**Task details**
Copy each of the entries below faithfully, setting aside any pictures.

Stored entries:
======

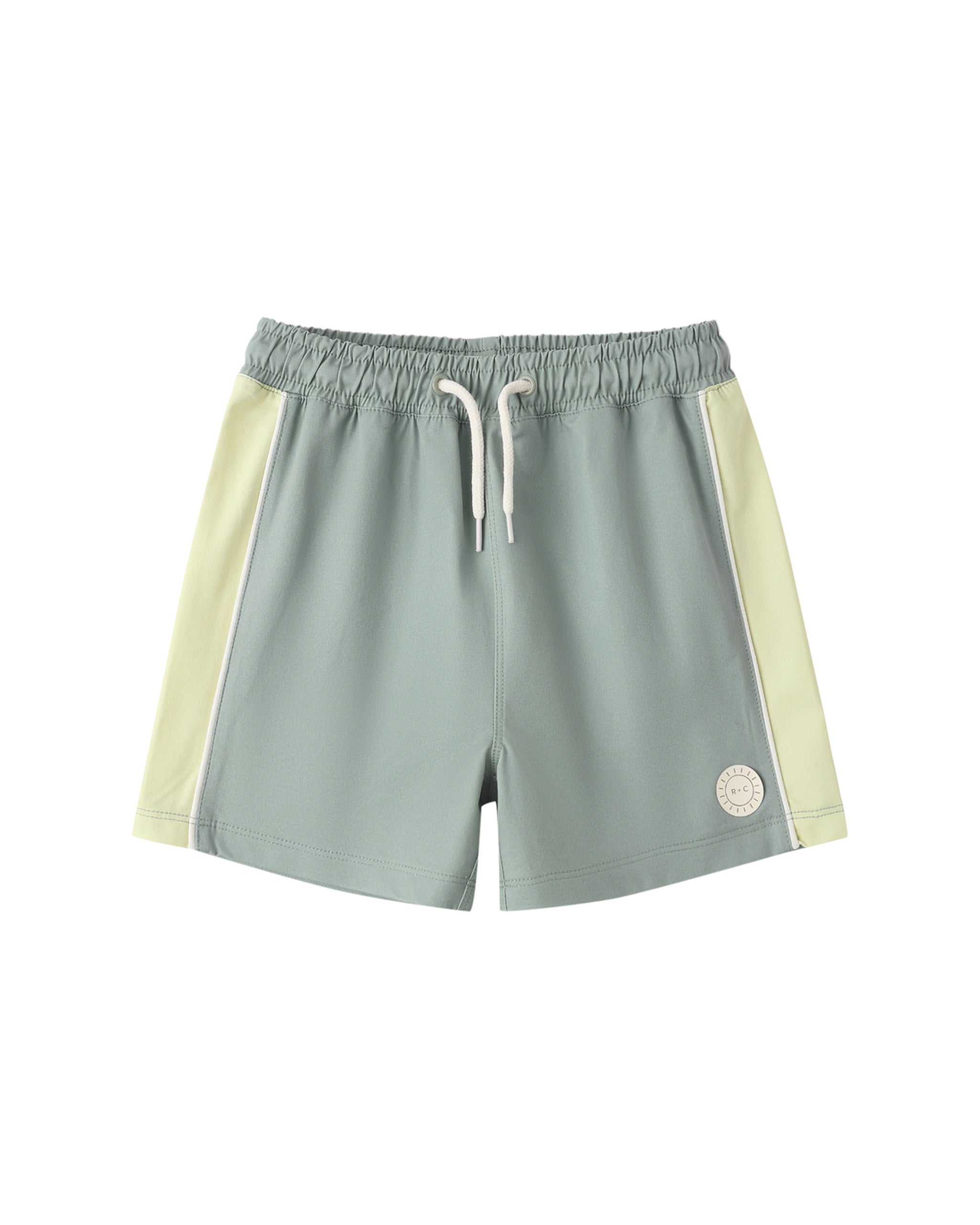 Sea Green Paneled Boardshort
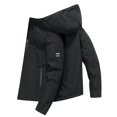 thumbnail image 1 of Xmyrz Jackets For Men Winter Handsome Zipper Relaxed Fit Long Sleeve Large Size Hooded Men'S Coats Outerwear Jacket, 1 of 7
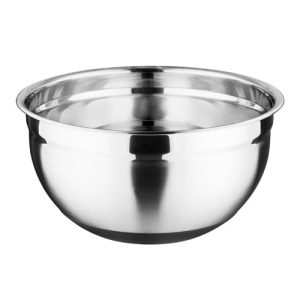 Vogue Stainless Steel Bowl with Silicone Base 8Ltr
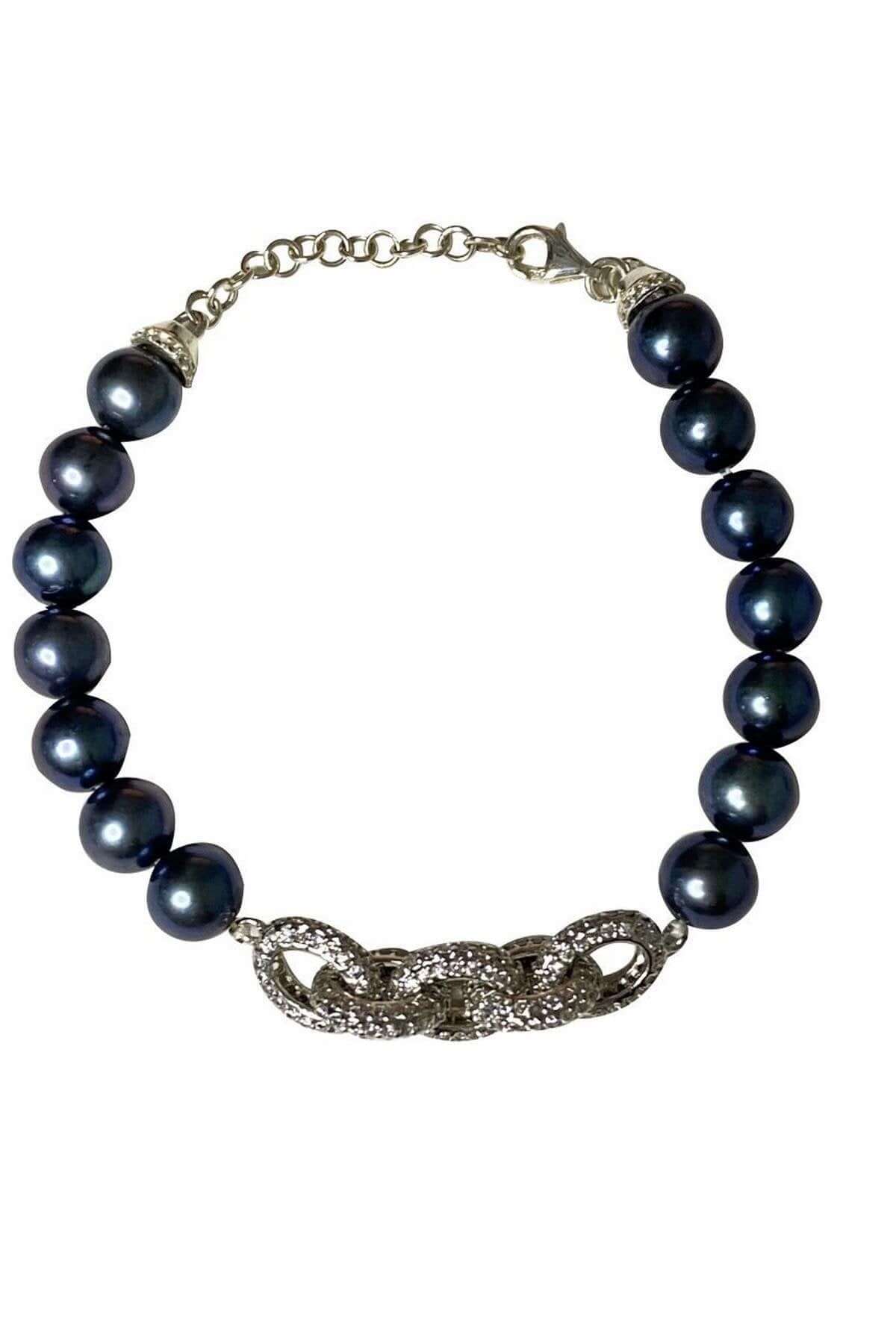 Zincirli Doğal İnci Bileklik | | Birinci1926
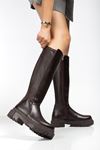 812-300 Black Zipper Casual Women's Boots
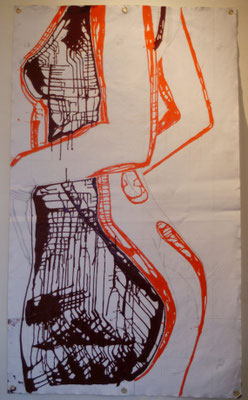 Serie Akte, floating pictures, SOLD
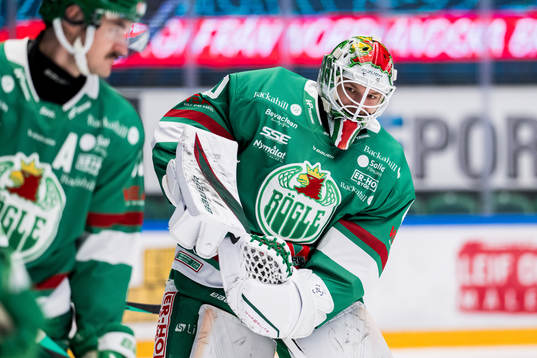 Rögles målvakt Petr Kvaca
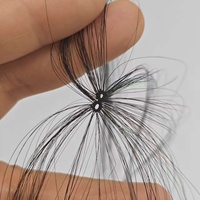 Nouvelles extensions capillaires entièrement faites à la main, micro 2 boucles, plumes, cheveux humains vierges Remy pour franges et pour combler les zones clairsemées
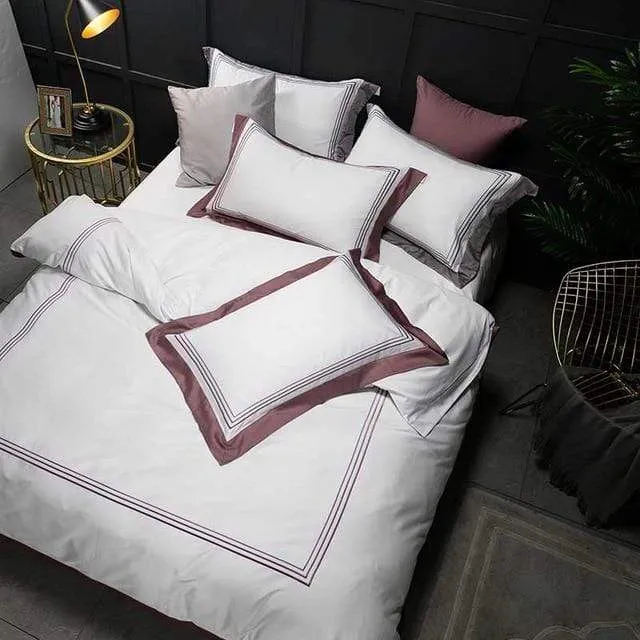 5-Star Hotel White Luxury 100% Egyptian Cotton Bedding Sets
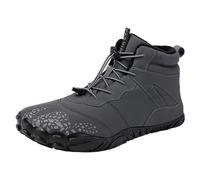 HUNYA Barefoot Boots Women Men Wide Toe Box Shoes Women Winter Trainer Shoes Minimalist Boots Women Waterproof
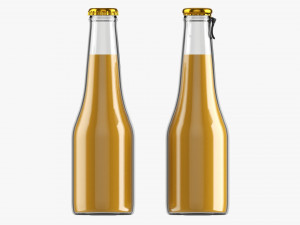 Glass Soda Soft Drink Water Bottle 27 Model 3D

======

**Task result**
 Sea Green Paneled Boardshort
 thumbnail image 1 of Xmyrz Jackets For Men Winter Handsome Zipper Relaxed Fit Long Sleeve Large Size Hooded Men'S Coats Outerwear Jacket, 1 of 7
 Vogue Stainless Steel Bowl with Silicone Base 8Ltr
 Zincirli Doğal İnci Bileklik | | Birinci1926
 812-300 Black Zipper Casual Women's Boots
 Serie Akte, floating pictures, SOLD
 Rögles målvakt Petr Kvaca
 Nouvelles extensions capillaires entièrement faites à la main, micro 2 boucles, plumes, cheveux humains vierges Remy pour franges et pour combler les zones clairsemées
 5-Star Hotel White Luxury 100% Egyptian Cotton Bedding Sets
 HUNYA Barefoot Boots Women Men Wide Toe Box Shoes Women Winter Trainer Shoes Minimalist Boots Women Waterproof
 Glass Soda Soft Drink Water Bottle 27 Model 3D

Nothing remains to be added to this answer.